Dynamic seer who strived for inter-religious harmony

Sri Jayendra had taken up the high-profile initiative to resolve the Ram temple issue in the year that marked his 50th year of ascension.

Update: 2018-02-28 20:10 GMT
People wait to pay their last respects to Shankaracharya Jayendra Saraswathi, the 69th pontiff of the Kanchi Mutt, who died on Wednesday in Kanchipuram.

CHENNAI: In the passing away of the 69th acharya of the Sri Kanchi Kamakoti Peetam, Sri Jayanendra Saraswati, at Kanchipuram at around 9 am on Wednesday, at the age of 82, after a brief illness, the country has lost a many-sided, dynamic, if at times even controversial seer who strived for inter-religious harmony. 

Much as the Hindu-right would like to appropriate him as an ‘activist avataar’ from the down South, as a correspondent having covered the events of the acharya for nearly two decades, one could state with all humility that it would be too superficial and unfair to read the life and times of Sri Jayendra Saraswati as that of a ‘Hindutvavaadin’, despite his proximity to several RSS and VHP leaders.

Significantly, Sri Jayendra Saraswati had been maintaining that the resolution of the Ayodhya issue was better left to religious leaders, and politicising the dispute would do no good. I do not think he changed from that position, though in recent years he had relapsed into a profound silence in the wake of the Sankararaman murder case, in which he and all the other accused were absolved of all charges.

Interestingly, Sri Jayendra had taken up the high-profile initiative to resolve the Ram temple issue in the year that marked his 50th year of ascension of the pontifical seat of Kanchi Kamakoti Peetam, a revered seat of spiritual power with a tradition spa-nning centuries and drawing inspiration from the great preceptor of the ‘Advaita (Non-dualism)’ philosophy propounded by Sri Adi Sankara.

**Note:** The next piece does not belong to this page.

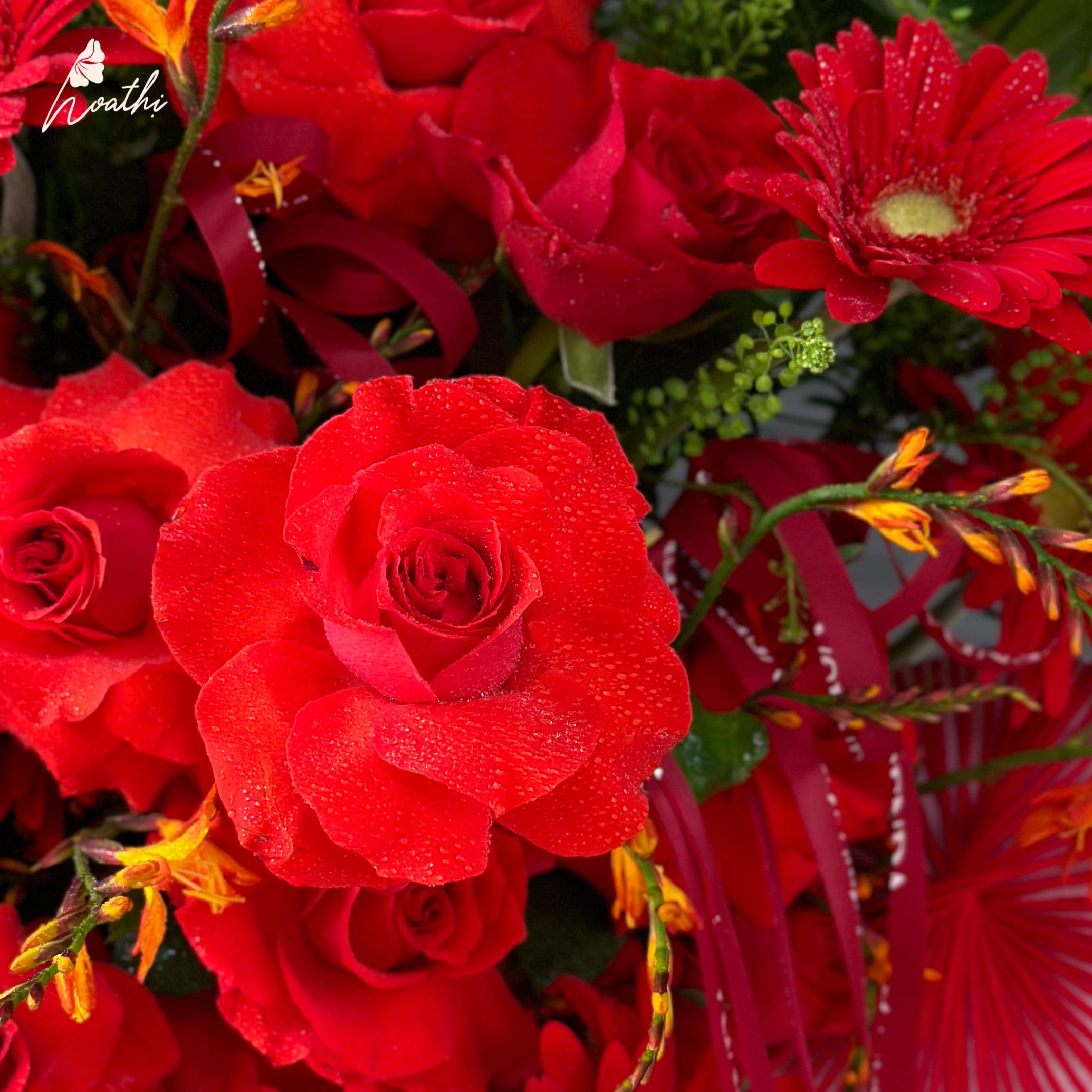 Chậu Hoa Hồng Phát - Hoa Tươi Khai Trương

After the outbreak of the communal riots in Gujarat post-Godhra incidents in 2002, Sri Jayendra Sarasw-ati was one of the first religious leaders to personally rush there and appeal for calm, in a bid to bring back peace and communal harmony.

Born on July 18, 1935,  in Irulneeki (in composite Thanjavur district) the ach-arya in his ‘poorvaashrama’ was named Subrama-niyan by his parents Mahadevan and Saraswathi. And nobody then thought that Subramanian would ascend to the seat of the Kanchi mutt, to succeed one of the greatest sages of modern India, the late senior acharya, Sri Chandrasekharendra Saraswati and whom Mahatma Gandhi revered. 

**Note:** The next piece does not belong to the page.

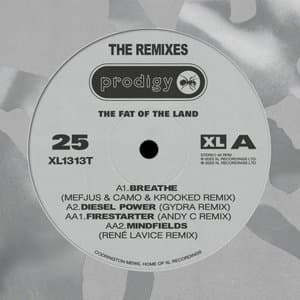 The Fat Of The Land 25th Anniversary - Remixes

One of Sri Jayendra’s biographers tells us that his father Mahadevan had set up an organisation, ‘Amara Bharati’ to inculcate Sanskrit learning among children. It was in that environment that the young boy Subramanian encountered his early spiritual vibrations. Even as Subramanian had his early training in the Vedas, in mid-March 1954, his father got a call from the Kanchi mutt on the senior acharya’s intention to initiate Subramaniyan into rigorous monastic order. Thus, began a long and arduous new journey for the lad when Sri Chandrasekharendra Saraswati performed the ceremony in Kanchipuram on March 22, 1954, initiating him into the monastic order, giving him the sanyasa name, Sri Jayendra Saraswati.

Sri Jayendra Saraswati tried to find a middle path and then launched two movements, ‘Jan Jagran’ and ‘Jan Kalyan’ in the late 1980s. With those two initiatives, the focus of which was to reach out to society, the needy and under-privileged sections like Dalits, Sri Jayendra Saraswati was responding to his times.

The importance he gave to education was further reflected in his efforts, with then Prime Minister P.V. Narasimha Rao’s and then HRD minister Arjun Singh’s helping hand, to set up the Sri Chandrasekharendra Saraswathi Vishwa Mahavidyalaya, a deemed university.

Many a time, his views on issues like Ayodhya, cow slaughter, widow remarriage, besides his support for the anti-conversion ordinance brought by an earlier AIADMK government headed by J. Jayalalithaa (that ordinance was later allowed to lapse) have provoked fierce controversies. 

But one fallout in his last years, the acharya could not bear was the tremulous mud-slinging of the Kanchi mutt that followed the state police’s investigations into the Sankararaman murder case under an earlier AIADMK regime. Perhaps in it lies a cautionary tale that politics and religion can never go together. RIP.